Work to be completed: Would you return the listing that follows exactly, leaving its pictures behind?

Recorded information:

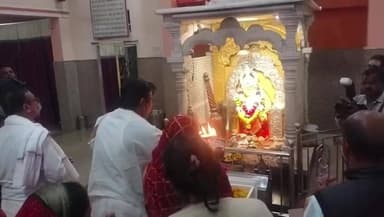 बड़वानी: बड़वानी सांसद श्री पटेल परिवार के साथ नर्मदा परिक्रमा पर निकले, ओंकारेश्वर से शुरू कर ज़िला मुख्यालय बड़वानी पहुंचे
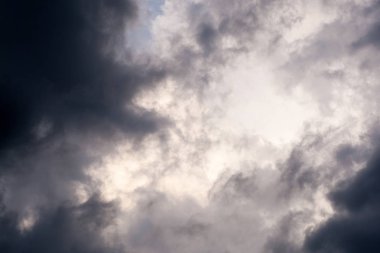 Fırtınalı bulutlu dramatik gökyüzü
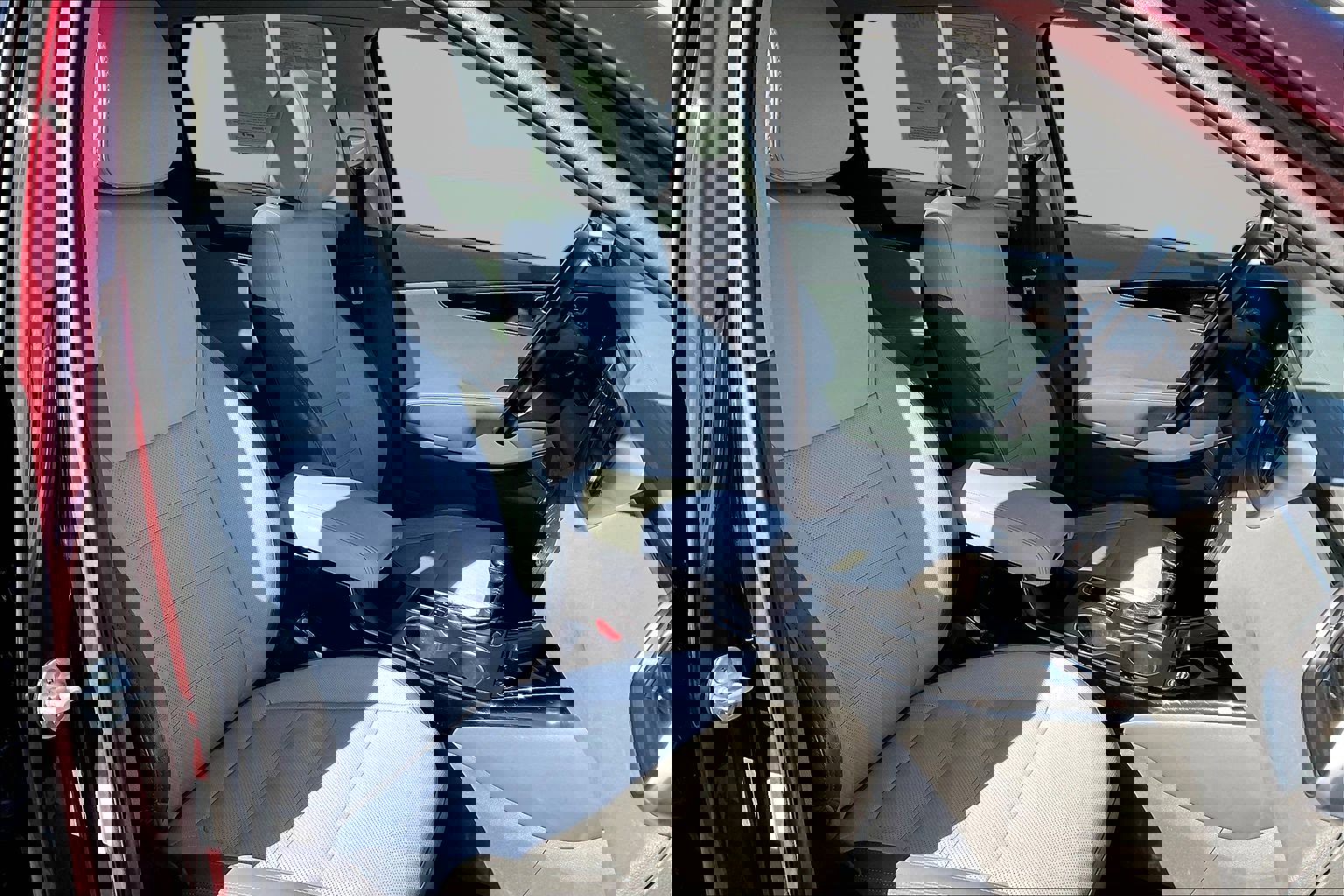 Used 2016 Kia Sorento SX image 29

Response area:
 बड़वानी: बड़वानी सांसद श्री पटेल परिवार के साथ नर्मदा परिक्रमा पर निकले, ओंकारेश्वर से शुरू कर ज़िला मुख्यालय बड़वानी पहुंचे
 Fırtınalı bulutlu dramatik gökyüzü
 Used 2016 Kia Sorento SX image 29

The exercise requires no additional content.